Work instruction: Taking the first line of the listing as the start and the line containing "PINK STARBURST BRACELET SET" as the end, reproduce everything in between exactly, both ends included.

Start of Block

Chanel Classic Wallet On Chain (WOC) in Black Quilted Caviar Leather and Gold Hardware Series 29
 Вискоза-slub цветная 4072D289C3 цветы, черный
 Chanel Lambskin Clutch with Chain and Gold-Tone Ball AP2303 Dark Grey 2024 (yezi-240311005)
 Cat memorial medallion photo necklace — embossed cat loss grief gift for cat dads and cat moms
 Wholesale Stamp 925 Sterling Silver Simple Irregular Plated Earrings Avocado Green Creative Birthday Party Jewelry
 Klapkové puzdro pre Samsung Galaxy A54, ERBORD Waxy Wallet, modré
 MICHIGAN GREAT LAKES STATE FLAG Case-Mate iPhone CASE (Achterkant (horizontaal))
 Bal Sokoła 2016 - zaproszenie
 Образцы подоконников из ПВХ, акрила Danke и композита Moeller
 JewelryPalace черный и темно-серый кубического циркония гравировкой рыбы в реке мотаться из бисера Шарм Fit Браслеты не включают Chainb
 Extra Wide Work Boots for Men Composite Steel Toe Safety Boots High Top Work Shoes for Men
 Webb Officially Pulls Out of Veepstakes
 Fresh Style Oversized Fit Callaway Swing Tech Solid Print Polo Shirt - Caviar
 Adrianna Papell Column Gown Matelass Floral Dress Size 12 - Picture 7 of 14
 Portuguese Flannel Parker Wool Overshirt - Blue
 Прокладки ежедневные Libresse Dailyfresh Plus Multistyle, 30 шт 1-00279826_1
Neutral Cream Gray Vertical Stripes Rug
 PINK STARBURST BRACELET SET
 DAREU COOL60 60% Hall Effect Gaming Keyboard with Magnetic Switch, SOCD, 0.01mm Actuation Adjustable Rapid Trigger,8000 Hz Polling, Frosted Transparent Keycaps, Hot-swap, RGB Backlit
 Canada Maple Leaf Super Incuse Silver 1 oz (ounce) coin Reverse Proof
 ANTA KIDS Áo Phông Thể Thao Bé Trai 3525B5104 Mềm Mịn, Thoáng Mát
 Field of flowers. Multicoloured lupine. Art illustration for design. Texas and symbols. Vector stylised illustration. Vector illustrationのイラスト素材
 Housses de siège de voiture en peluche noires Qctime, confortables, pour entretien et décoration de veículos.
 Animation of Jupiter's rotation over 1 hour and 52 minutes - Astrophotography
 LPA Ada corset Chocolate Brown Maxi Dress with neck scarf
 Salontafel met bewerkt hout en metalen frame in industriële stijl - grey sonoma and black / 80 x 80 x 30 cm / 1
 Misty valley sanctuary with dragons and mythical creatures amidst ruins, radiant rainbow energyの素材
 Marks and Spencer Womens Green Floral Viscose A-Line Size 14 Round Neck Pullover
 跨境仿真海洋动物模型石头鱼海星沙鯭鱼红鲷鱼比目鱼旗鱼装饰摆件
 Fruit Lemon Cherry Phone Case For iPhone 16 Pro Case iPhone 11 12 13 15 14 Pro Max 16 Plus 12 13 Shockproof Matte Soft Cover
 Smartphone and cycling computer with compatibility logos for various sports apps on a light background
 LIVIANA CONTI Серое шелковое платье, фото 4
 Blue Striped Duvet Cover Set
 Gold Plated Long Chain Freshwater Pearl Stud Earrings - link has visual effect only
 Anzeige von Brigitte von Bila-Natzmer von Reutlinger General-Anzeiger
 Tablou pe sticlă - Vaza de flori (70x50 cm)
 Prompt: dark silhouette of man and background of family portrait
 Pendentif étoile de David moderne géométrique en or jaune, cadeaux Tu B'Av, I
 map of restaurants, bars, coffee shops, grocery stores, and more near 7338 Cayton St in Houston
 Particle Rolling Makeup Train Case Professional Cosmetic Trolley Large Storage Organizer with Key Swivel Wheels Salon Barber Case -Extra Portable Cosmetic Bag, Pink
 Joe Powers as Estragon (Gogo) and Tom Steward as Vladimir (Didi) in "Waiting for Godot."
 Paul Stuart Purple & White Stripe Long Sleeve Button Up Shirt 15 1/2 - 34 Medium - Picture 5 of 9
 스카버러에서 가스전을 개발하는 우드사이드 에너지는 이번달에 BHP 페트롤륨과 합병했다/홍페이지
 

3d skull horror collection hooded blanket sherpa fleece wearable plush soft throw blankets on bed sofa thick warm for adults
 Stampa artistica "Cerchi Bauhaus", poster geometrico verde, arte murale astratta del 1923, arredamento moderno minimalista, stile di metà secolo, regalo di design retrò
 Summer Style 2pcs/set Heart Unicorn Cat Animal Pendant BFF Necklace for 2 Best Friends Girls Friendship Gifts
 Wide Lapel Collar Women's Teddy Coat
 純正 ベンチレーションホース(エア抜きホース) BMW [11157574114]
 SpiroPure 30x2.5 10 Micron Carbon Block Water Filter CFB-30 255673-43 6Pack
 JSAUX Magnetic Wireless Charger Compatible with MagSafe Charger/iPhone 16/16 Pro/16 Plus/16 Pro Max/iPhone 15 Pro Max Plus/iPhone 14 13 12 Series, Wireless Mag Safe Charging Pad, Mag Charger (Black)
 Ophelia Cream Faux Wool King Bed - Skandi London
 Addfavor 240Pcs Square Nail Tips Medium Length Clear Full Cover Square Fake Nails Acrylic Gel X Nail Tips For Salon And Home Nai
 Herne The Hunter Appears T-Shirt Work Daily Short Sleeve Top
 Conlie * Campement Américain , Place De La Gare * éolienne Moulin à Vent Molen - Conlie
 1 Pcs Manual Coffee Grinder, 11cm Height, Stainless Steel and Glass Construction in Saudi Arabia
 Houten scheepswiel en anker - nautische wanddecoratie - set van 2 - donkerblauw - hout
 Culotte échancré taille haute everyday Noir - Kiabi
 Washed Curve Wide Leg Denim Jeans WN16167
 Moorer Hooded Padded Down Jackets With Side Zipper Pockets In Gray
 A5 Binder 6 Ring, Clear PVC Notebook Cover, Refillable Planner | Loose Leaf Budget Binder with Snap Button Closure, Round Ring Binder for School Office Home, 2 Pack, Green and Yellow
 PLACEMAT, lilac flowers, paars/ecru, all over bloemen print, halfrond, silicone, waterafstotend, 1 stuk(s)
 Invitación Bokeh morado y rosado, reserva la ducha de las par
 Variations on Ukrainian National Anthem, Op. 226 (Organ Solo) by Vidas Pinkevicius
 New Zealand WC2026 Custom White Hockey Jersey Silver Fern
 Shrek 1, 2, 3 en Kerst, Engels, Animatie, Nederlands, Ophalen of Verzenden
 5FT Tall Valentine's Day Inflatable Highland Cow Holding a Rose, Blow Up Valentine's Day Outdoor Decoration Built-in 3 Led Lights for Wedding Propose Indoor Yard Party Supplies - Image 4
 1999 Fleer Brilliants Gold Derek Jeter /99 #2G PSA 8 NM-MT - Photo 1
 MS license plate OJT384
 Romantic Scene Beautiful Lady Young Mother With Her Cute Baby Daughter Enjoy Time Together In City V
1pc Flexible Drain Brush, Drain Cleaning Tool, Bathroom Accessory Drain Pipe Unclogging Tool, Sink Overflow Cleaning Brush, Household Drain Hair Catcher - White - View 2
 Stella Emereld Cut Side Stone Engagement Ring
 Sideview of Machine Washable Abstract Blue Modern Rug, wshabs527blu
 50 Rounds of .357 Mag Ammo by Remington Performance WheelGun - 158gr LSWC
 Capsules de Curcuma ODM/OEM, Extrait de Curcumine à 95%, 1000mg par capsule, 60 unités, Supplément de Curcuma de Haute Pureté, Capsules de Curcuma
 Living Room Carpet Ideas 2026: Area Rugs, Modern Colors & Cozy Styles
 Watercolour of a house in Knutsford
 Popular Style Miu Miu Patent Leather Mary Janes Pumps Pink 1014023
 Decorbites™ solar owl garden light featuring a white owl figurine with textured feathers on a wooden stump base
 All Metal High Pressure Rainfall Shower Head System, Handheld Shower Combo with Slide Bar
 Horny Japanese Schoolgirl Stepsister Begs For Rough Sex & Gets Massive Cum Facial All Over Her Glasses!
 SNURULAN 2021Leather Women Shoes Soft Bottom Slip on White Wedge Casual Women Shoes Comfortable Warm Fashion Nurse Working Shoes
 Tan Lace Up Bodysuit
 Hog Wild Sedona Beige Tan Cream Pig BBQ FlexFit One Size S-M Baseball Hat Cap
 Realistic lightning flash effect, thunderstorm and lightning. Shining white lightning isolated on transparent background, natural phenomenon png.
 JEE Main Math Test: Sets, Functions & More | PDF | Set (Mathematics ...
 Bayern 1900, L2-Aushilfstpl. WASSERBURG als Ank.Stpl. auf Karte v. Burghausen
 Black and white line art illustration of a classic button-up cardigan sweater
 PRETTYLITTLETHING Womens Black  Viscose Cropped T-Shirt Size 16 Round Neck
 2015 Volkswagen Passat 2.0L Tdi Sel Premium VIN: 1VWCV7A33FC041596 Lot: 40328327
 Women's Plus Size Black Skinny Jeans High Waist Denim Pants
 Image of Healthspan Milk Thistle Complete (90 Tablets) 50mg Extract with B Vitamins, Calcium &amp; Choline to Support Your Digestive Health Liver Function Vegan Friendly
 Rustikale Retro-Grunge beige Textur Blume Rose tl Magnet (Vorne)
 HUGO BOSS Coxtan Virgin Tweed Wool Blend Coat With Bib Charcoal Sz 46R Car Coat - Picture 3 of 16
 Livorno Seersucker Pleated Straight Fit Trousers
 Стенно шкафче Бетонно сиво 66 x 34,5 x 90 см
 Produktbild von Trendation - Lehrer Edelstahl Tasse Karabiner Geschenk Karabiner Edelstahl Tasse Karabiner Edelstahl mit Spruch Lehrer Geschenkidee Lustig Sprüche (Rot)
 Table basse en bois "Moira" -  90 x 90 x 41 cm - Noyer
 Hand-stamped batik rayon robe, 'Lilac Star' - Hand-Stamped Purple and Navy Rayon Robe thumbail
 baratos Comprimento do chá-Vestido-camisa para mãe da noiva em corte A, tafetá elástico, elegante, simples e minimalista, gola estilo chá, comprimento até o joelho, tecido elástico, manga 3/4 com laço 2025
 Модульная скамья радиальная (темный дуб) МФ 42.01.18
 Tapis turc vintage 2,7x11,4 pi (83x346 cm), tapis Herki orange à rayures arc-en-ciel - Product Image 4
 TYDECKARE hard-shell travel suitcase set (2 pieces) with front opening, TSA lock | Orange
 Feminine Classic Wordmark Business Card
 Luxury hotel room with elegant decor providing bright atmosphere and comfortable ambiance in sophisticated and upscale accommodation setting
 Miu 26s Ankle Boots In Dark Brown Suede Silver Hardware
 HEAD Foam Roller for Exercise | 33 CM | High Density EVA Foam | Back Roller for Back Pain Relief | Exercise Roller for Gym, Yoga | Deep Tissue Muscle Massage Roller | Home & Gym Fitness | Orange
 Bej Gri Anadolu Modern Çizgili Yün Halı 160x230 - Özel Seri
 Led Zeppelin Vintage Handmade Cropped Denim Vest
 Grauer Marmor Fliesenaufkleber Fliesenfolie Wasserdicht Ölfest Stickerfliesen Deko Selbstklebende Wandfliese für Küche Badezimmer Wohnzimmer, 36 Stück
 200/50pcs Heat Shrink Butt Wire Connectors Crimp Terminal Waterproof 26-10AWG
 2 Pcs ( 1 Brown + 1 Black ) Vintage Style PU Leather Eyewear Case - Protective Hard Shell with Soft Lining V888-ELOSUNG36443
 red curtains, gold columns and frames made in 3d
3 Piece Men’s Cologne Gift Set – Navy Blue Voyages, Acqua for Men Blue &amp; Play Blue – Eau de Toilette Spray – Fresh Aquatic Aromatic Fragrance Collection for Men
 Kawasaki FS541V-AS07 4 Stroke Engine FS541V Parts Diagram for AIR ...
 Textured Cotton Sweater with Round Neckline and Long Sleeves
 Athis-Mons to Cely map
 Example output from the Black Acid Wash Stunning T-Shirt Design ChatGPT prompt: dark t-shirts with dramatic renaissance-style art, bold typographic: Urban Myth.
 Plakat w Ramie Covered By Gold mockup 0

End of Block

Exercise answer:
Chanel Classic Wallet On Chain (WOC) in Black Quilted Caviar Leather and Gold Hardware Series 29
 Вискоза-slub цветная 4072D289C3 цветы, черный
 Chanel Lambskin Clutch with Chain and Gold-Tone Ball AP2303 Dark Grey 2024 (yezi-240311005)
 Cat memorial medallion photo necklace — embossed cat loss grief gift for cat dads and cat moms
 Wholesale Stamp 925 Sterling Silver Simple Irregular Plated Earrings Avocado Green Creative Birthday Party Jewelry
 Klapkové puzdro pre Samsung Galaxy A54, ERBORD Waxy Wallet, modré
 MICHIGAN GREAT LAKES STATE FLAG Case-Mate iPhone CASE (Achterkant (horizontaal))
 Bal Sokoła 2016 - zaproszenie
 Образцы подоконников из ПВХ, акрила Danke и композита Moeller
 JewelryPalace черный и темно-серый кубического циркония гравировкой рыбы в реке мотаться из бисера Шарм Fit Браслеты не включают Chainb
 Extra Wide Work Boots for Men Composite Steel Toe Safety Boots High Top Work Shoes for Men
 Webb Officially Pulls Out of Veepstakes
 Fresh Style Oversized Fit Callaway Swing Tech Solid Print Polo Shirt - Caviar
 Adrianna Papell Column Gown Matelass Floral Dress Size 12 - Picture 7 of 14
 Portuguese Flannel Parker Wool Overshirt - Blue
 Прокладки ежедневные Libresse Dailyfresh Plus Multistyle, 30 шт 1-00279826_1
Neutral Cream Gray Vertical Stripes Rug
 PINK STARBURST BRACELET SET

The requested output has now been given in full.